Directions for this task :: Transcribe word for word the section of the records below that opens with the line containing "アシックス（ASICS）（メンズ）ACTIBREEZE ジャカードノースリーブシャツ 2031E890.022" and closes with the line containing "DeatschWerks 6AN Female"; drop every picture.

Entries shown ::
----------

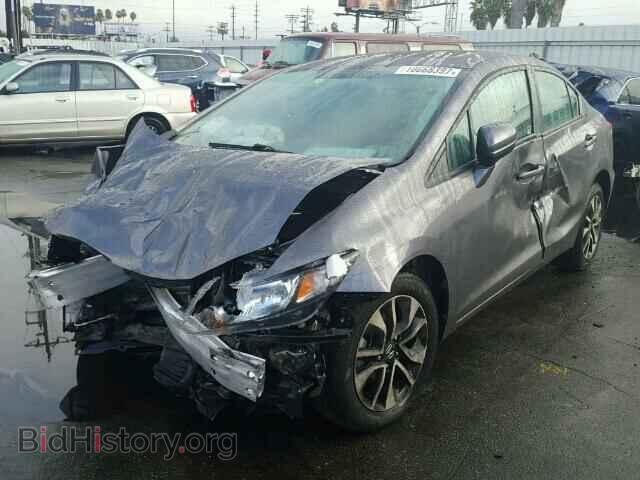 2014 HONDA CIVIC - VIN: 19XFB2F87EE275599 - Photo 2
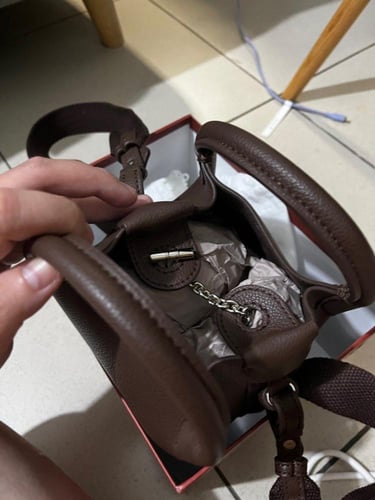 حقيبة جلد ميني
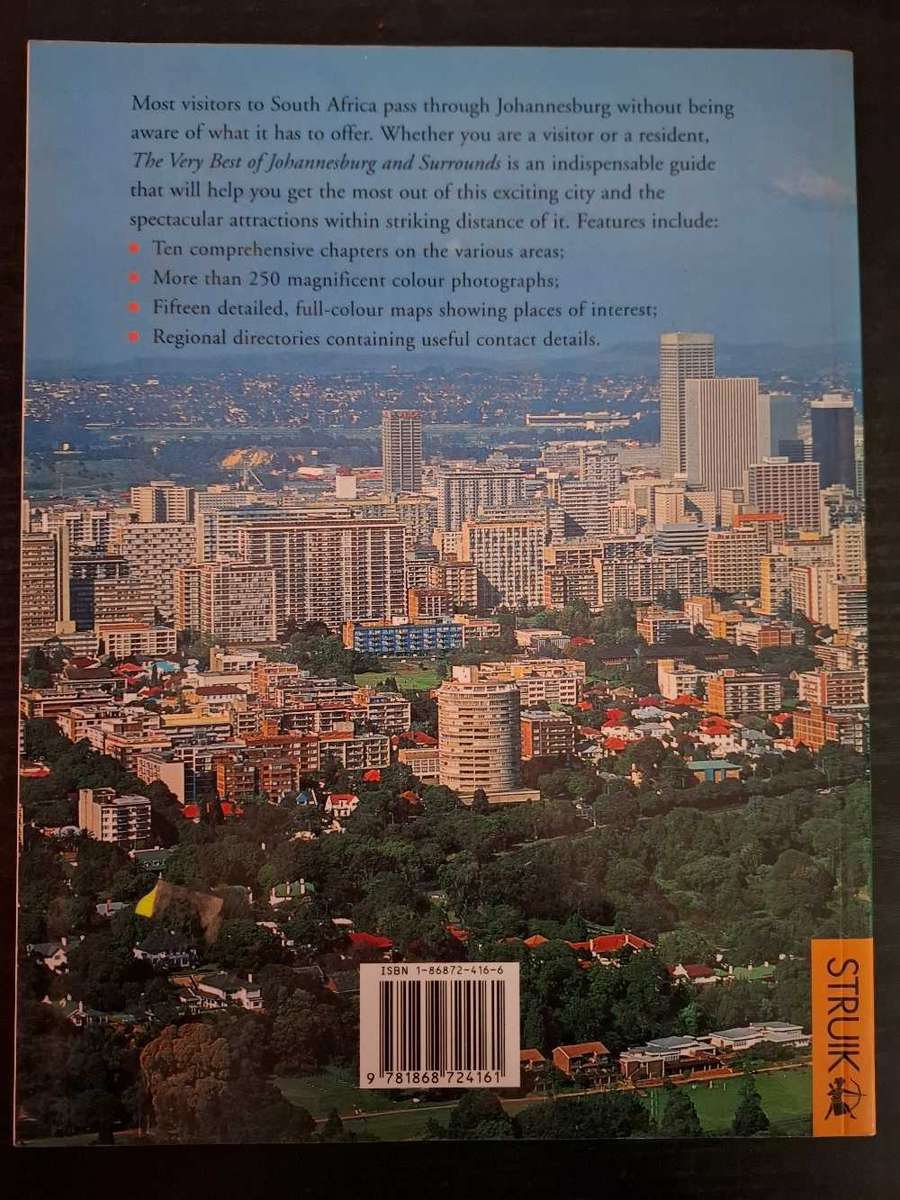 The very best of johannesburg and surrounds by Duncan Guy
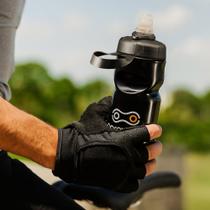 Squeeze Márcio May Sports com Tampa Valvulada 650 ml Preto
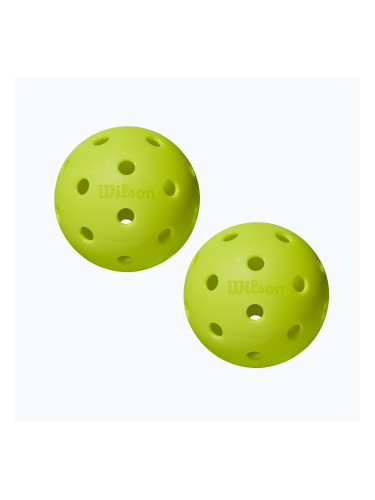 Топки за пикълбол Wilson TRU 32 Picketball 2 бр. yellow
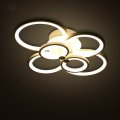dimmable remote control living room bedroom modern led ceiling lights luminarias para sala led ceiling lamp deckenleuchten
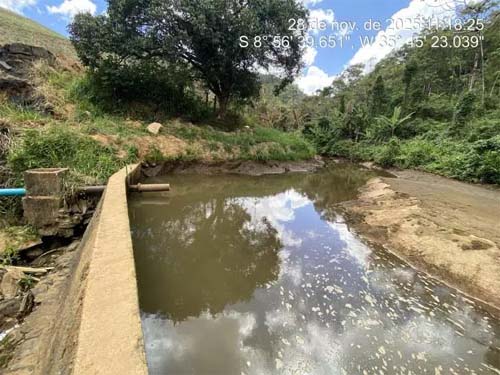 Vandalismo compromete novamente o abastecimento de água em Colônia Leopoldina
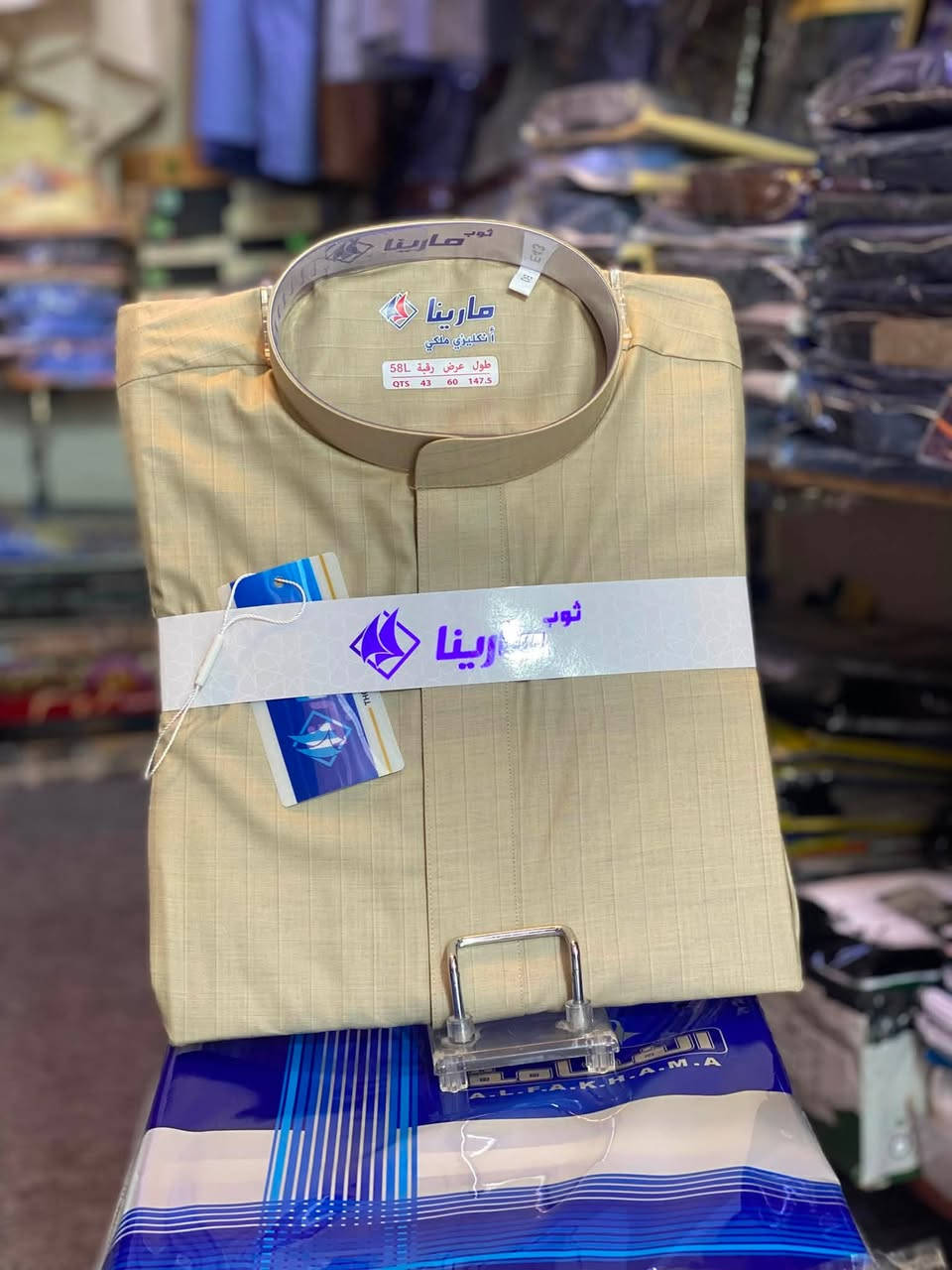 ⚜️ ازياء الاكابر لالبسه الرجاليه ولزي العربي ⚜️

جديد 🔥💣

دشادشه قطن قماش بارد 

فصال كلاسك    مقلم طباقات معدنيه 

قياسات 56s..62xL 

الوان كامله  ردن فلات 

😍 التميز عنوناا 🥰 

السعر فقط 20 الف 

العنوان 📍 سامراء الضباط الاولى مقابل الجبريه الاولى قرب مول الصيني مقابل نعوم للاحاسبات 

  ***********  📞

توصيل كل العراق متوفر 4 الف دينار 💣
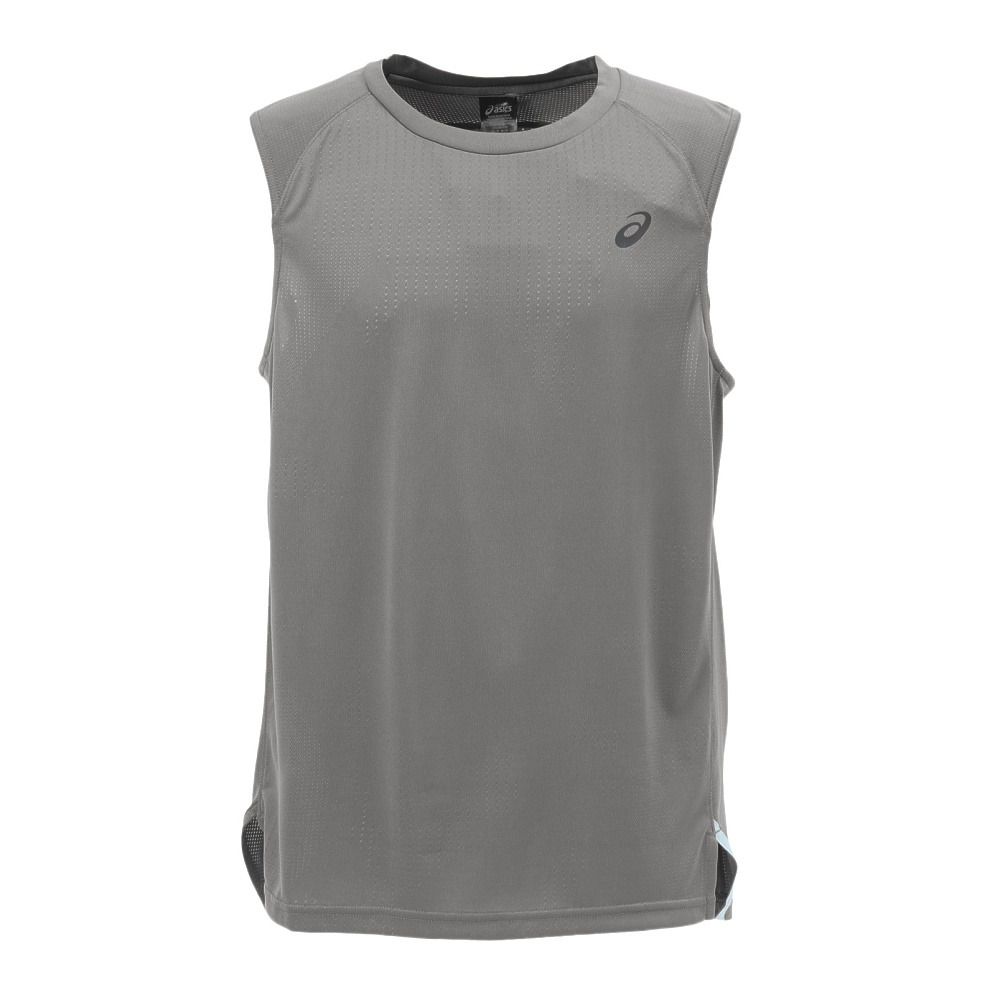 アシックス（ASICS）（メンズ）ACTIBREEZE ジャカードノースリーブシャツ 2031E890.022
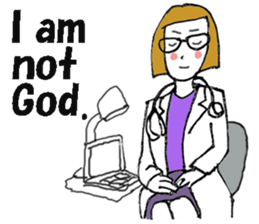 I am a doctor(English ver.) sticker #1369395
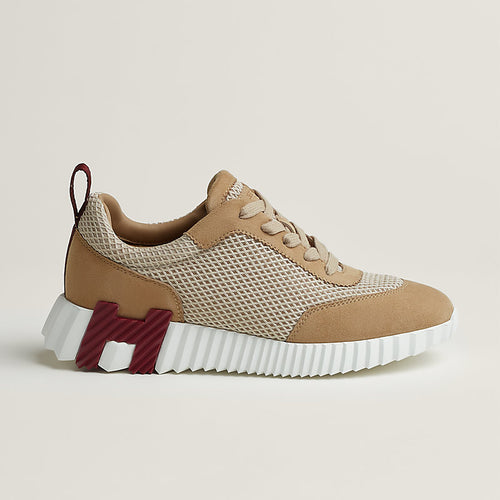 UNISEX SNEAKERS BNCG - BEIGE/BRAUN WEISS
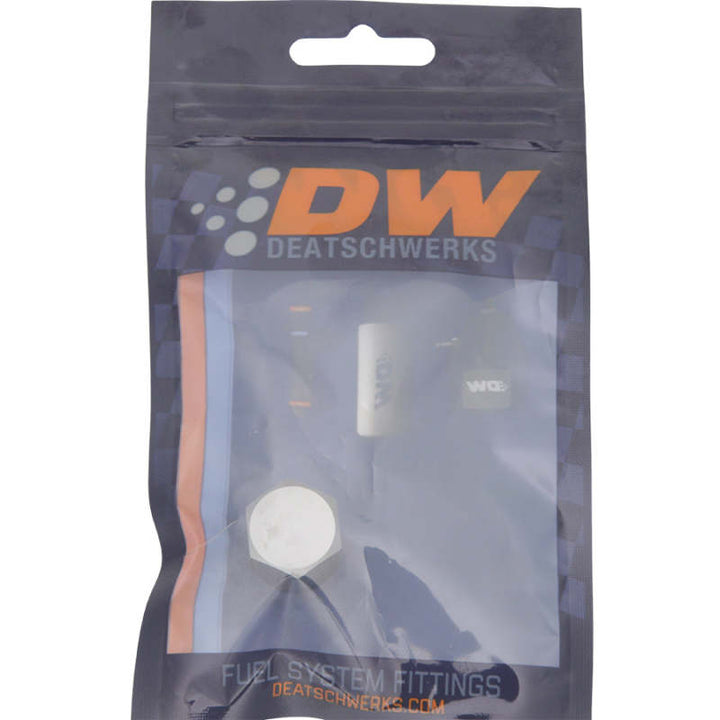 DeatschWerks 6AN Female Flare Cap - Premium Fitting Caps from DeatschWerks - Just 22.51 SR! Shop now at Motors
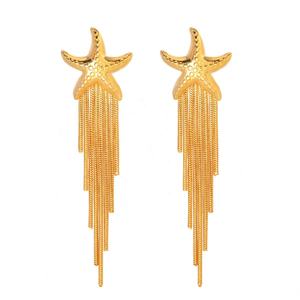 Pendientes de Botón en Forma de Corazón de Acero Inoxidable Chapados en Oro de 18K de Moda para Mujer, Regalo Ideal para Fiestas - Product Image 2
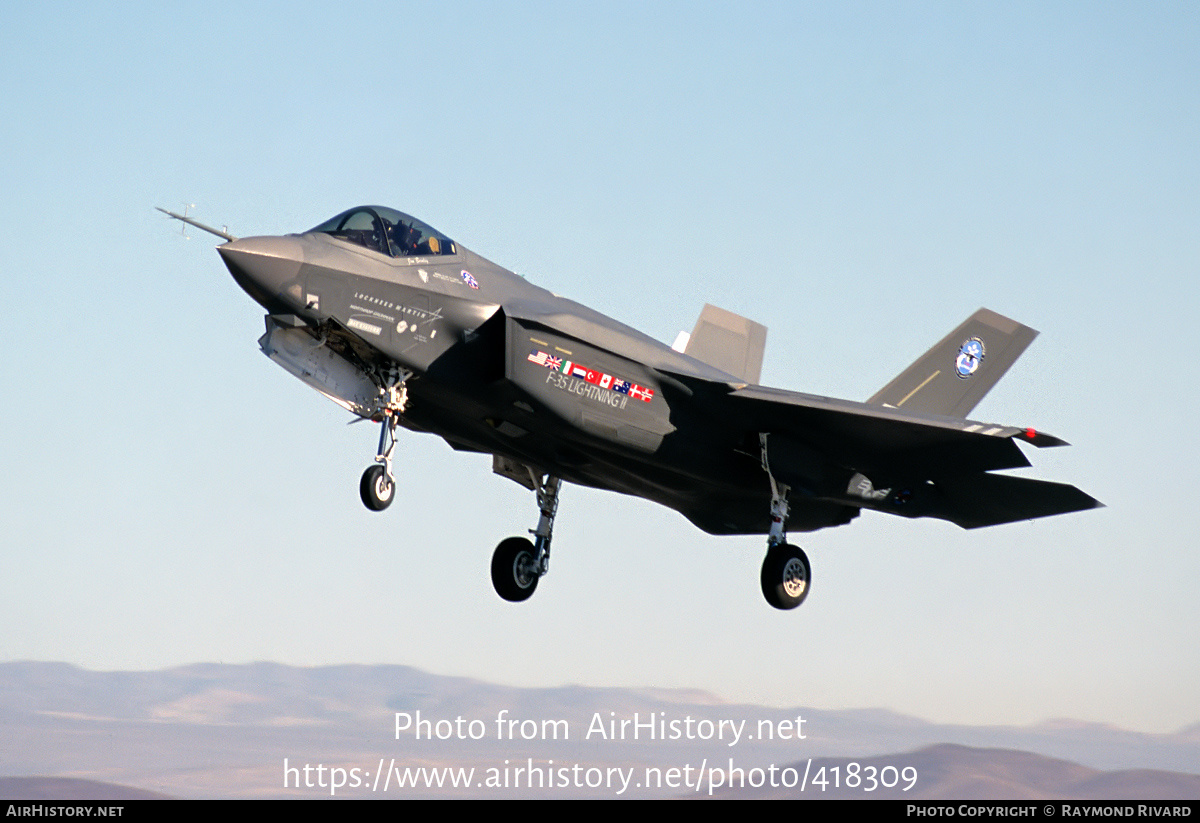 Aircraft Photo of AA-1 | Lockheed Martin F-35A Lightning II | USA - Air Force | AirHistory.net #418309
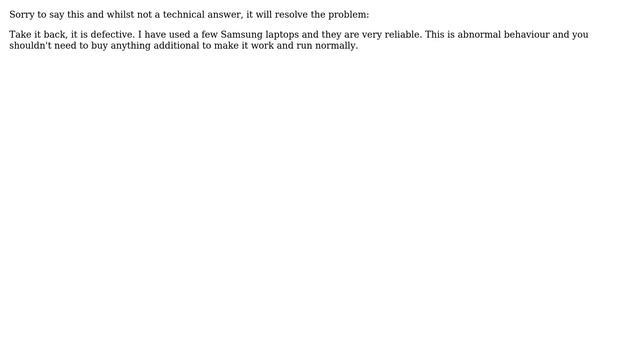 Samsung laptop randomly shuts down (7 Solutions!!) смотреть онлайн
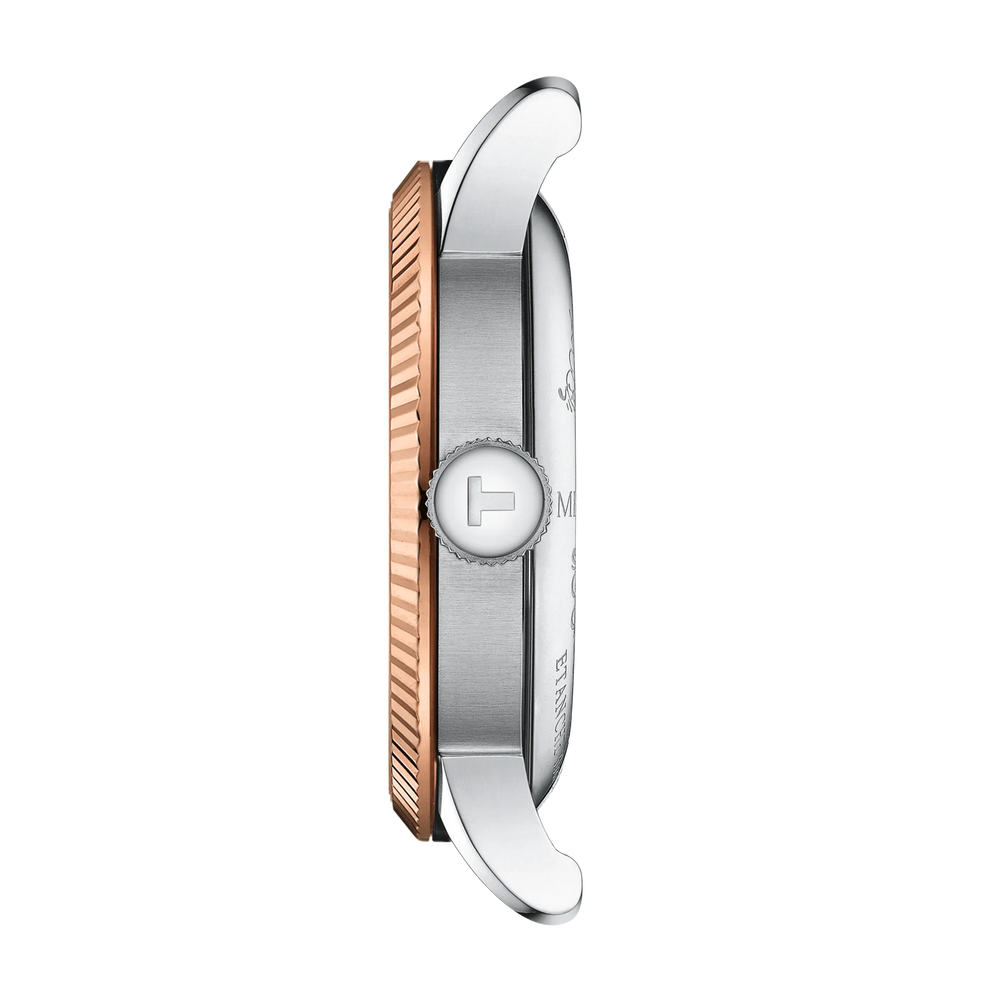Le Locle COSC 39mm 18k Gold Bezel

----------

Expected answer ::
 アシックス（ASICS）（メンズ）ACTIBREEZE ジャカードノースリーブシャツ 2031E890.022
 I am a doctor(English ver.) sticker #1369395
 UNISEX SNEAKERS BNCG - BEIGE/BRAUN WEISS
 DeatschWerks 6AN Female Flare Cap - Premium Fitting Caps from DeatschWerks - Just 22.51 SR! Shop now at Motors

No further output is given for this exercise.